Civility in the Workplace: Can We Remember the Lessons from 9/11?

There is an old saying in engineering: “Don’t fix the blame, fix the problem.” It’s also good advice in every other walk of life; whether you’re leading an engineering team, a management team or a project team.

I was recently interviewed by a reporter for the Harrisburg Patriot-News for an article on incivility in sports. It made me think of incivility as a whole in our country, organizational culture, the 9-11 tragedy, sunburn and workplace training.

I know that’s a mouthful. Trust me though as you read you’ll see how they’re all interconnected.

Fixing blame instead of fixing problems

I do not believe our country is just experiencing a lack of civility, however, we are experiencing a lack of leadership. There’s a lot of fixing blame rather than fixing problems.
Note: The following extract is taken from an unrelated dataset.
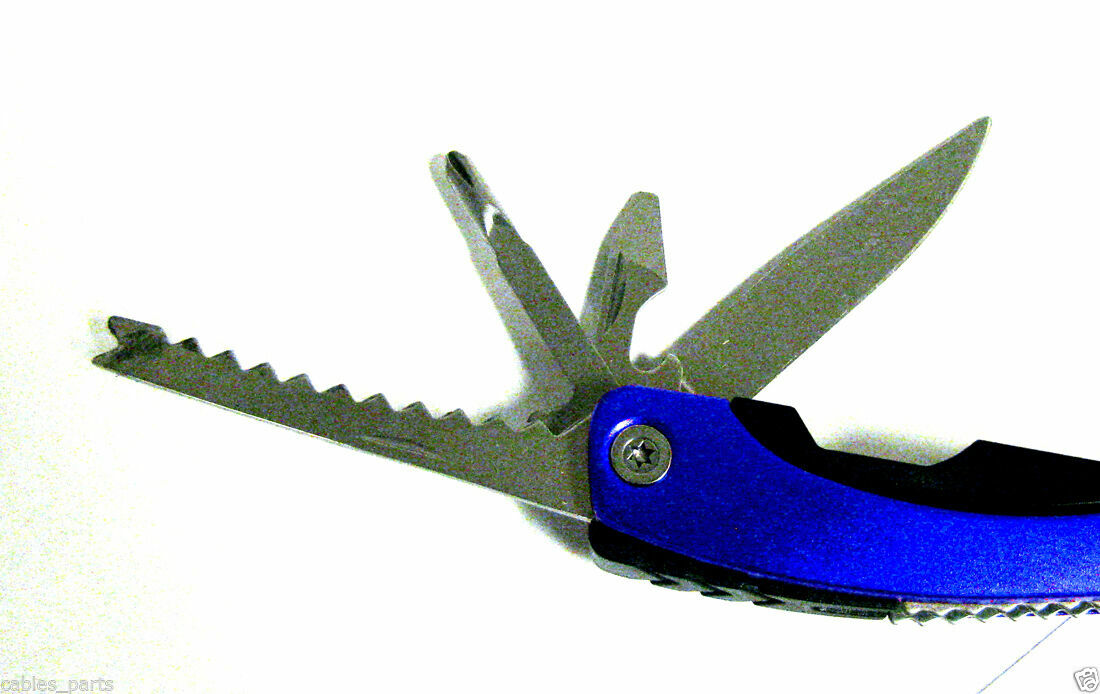 9in1 Outdoor Survival Stainless Steel Multi Tool Plier Portable Camping Kit Blue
We are leading the youth of America by example, and when there is a lack of positive role models for them to look up to, there is a trickle-down effect and we see incivility in youth. Every day we witness (and some participate in) incivility and bullying in politics, in the workplace and even on the roads. Why then are we surprised to see it in our schools and on the playing fields?

I believe we’ve lost a common sense of purpose in this country. I also see this in my consulting work; the No. 1 problem plaguing most of my client’s organizations and teams is a lack of a collective sense of purpose. Simply put it kills employee engagement and job satisfaction, which in turn wreaks havoc on results.

Remember how civil people were to each other, not just in New York  and Washington D.C., but all over America in the weeks and months after 9/11? The further we got away from this tragedy, the more that civility faded like a bad sunburn.

Why people are stressed at work

You’ll see an annual version of “the fade” if you this little test. Count the number of “friends” who changed their Facebook profile pic to an image of the World Trade Center Twin Towers, the American flag, or 9/11. Then watch over the next days and weeks how their profile pic changes back to their headshot, a beer can, their dog, or some other meaningless image. And how quickly status updates morph from today’s “never forget” post back to complaints about the length of the wait at airport security.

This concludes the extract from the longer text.